Benz: I think there's a lot to like about Oakmark as a firm. We recommend nearly all of the firm's pure equity funds. I think this fund is just a lower-volatility take on that signature Oakmark style. They're looking for companies that are trading at significant discounts to what the firm thinks they are worth. This funds chooses from the same list that all of the other Oakmark funds does, so it does prioritize deeply discounted, cheap companies, but it does have the opportunity to hold bonds and cash. 

Right now, the fund is about 70% equity, about 10% bonds, and about 20% cash. That tends to take the edge off the volatility. It has tended to be the lowest-volatility product in the Oakmark lineup. And this, too, has tended to keep investors in their seats. Here again, we've got investor returns that are roughly in line with the fund's published total returns. Investors have been able to hang on to most of the gains that the fund has produced.

Stipp: Your third fund for investors looking for a boring ride is Vanguard Tax-Managed Balanced. What do you like about this fund?

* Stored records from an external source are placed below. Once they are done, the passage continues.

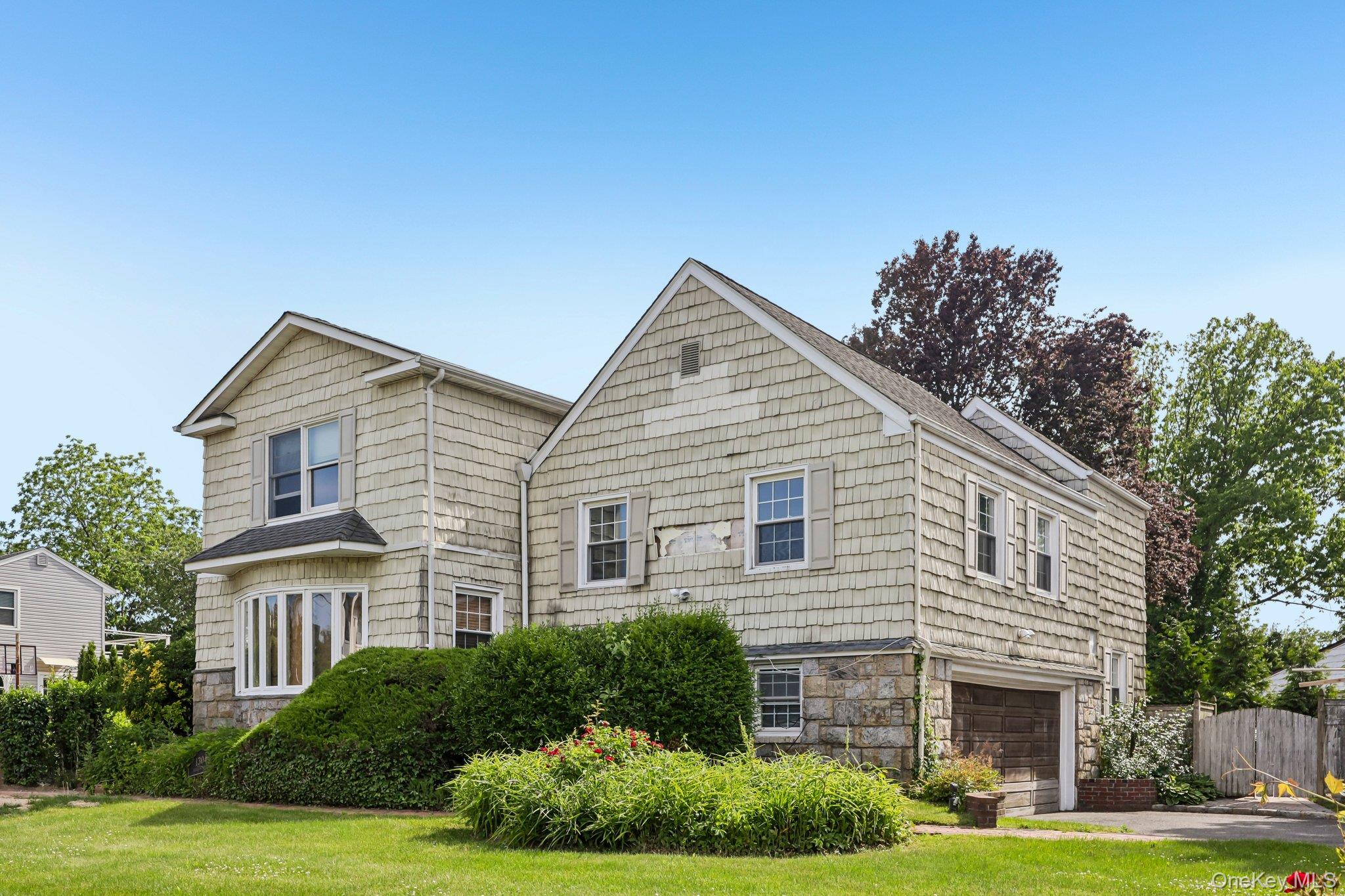 1304 Harbor Road Hewlett Harbor, NY 11557 - Photo 2 of 42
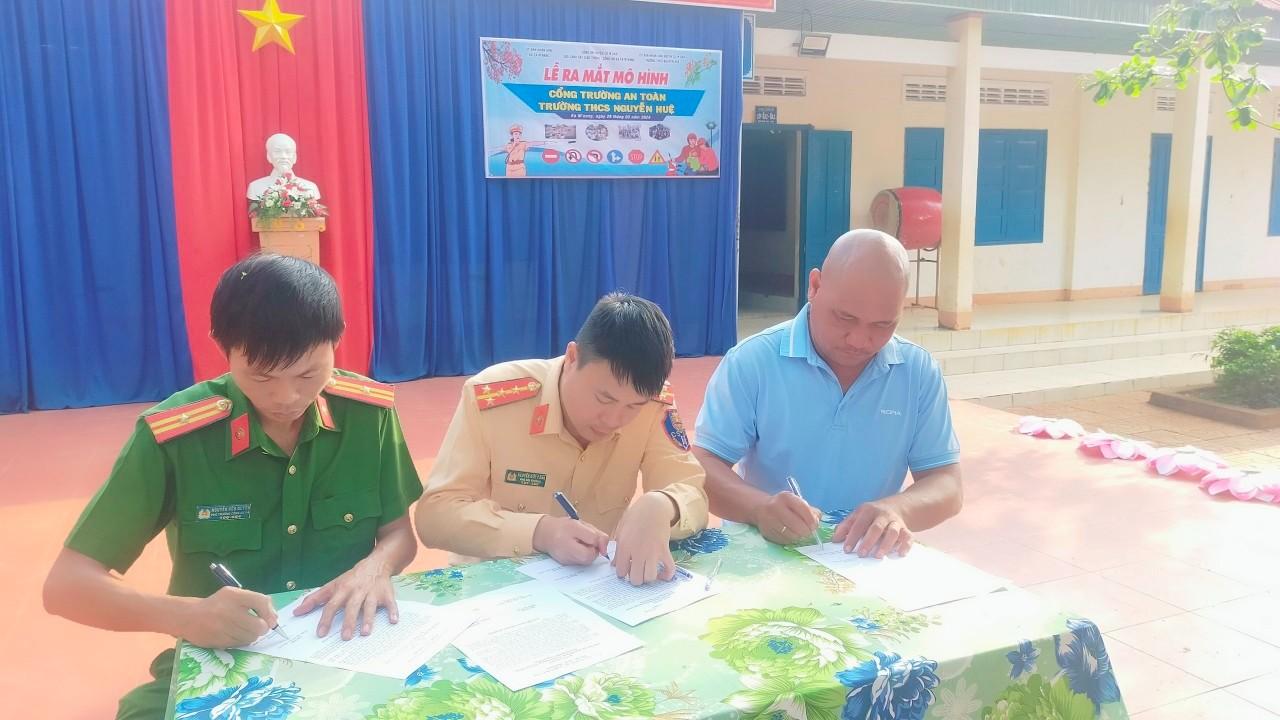 Tổ Chức Lễ Ra Mắt Mô Hình “Cổng Trường An Toàn Giao Thông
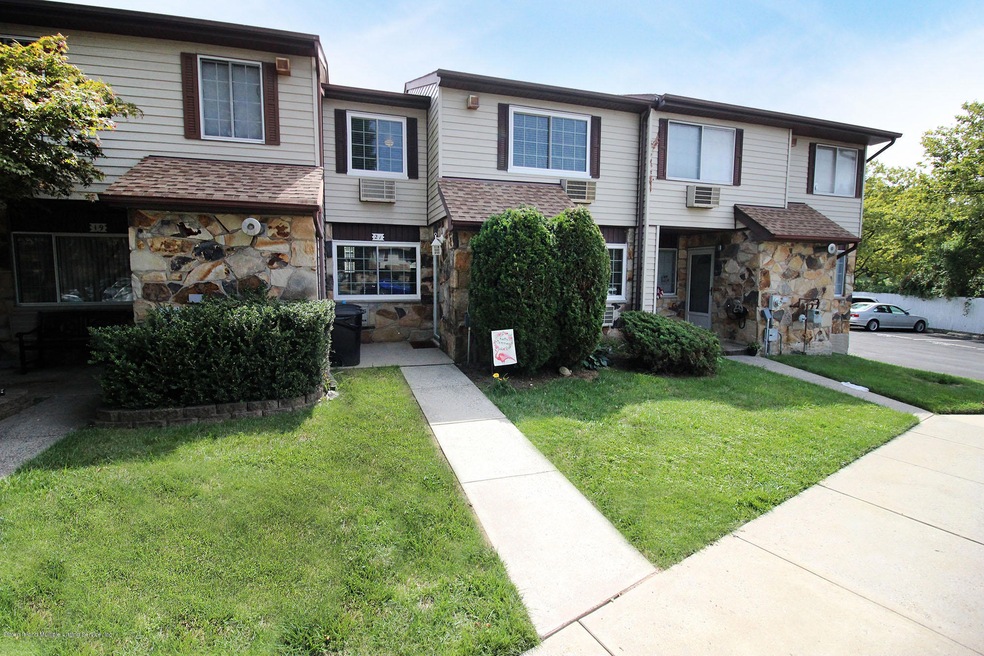 21 Garth Ct, Staten Island, NY 10306 - photo 1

Benz: This has been one of my favorite boring funds for a long time. It does two things that investors get bored by. One is it rebalances regularly, so it sticks with a 50% equity, 50% bond mix and rebalances back to that 50/50 distribution regularly. And it also handles tax management for investors, so it invests in municipal bonds on the fixed-income side. 

On the equity side, it sticks with companies that tend not to produce a lot of dividends. It has a little bit of a growth tilt. Historically, it's been very, very tax-efficient. It has not produced much in the way of taxable income or taxable capital gains. I see it as a great holding for people who have some taxable money with maybe a time horizon of five or 10 years or longer, where they just want to put the money away and forget about it. This fund does the rest for them.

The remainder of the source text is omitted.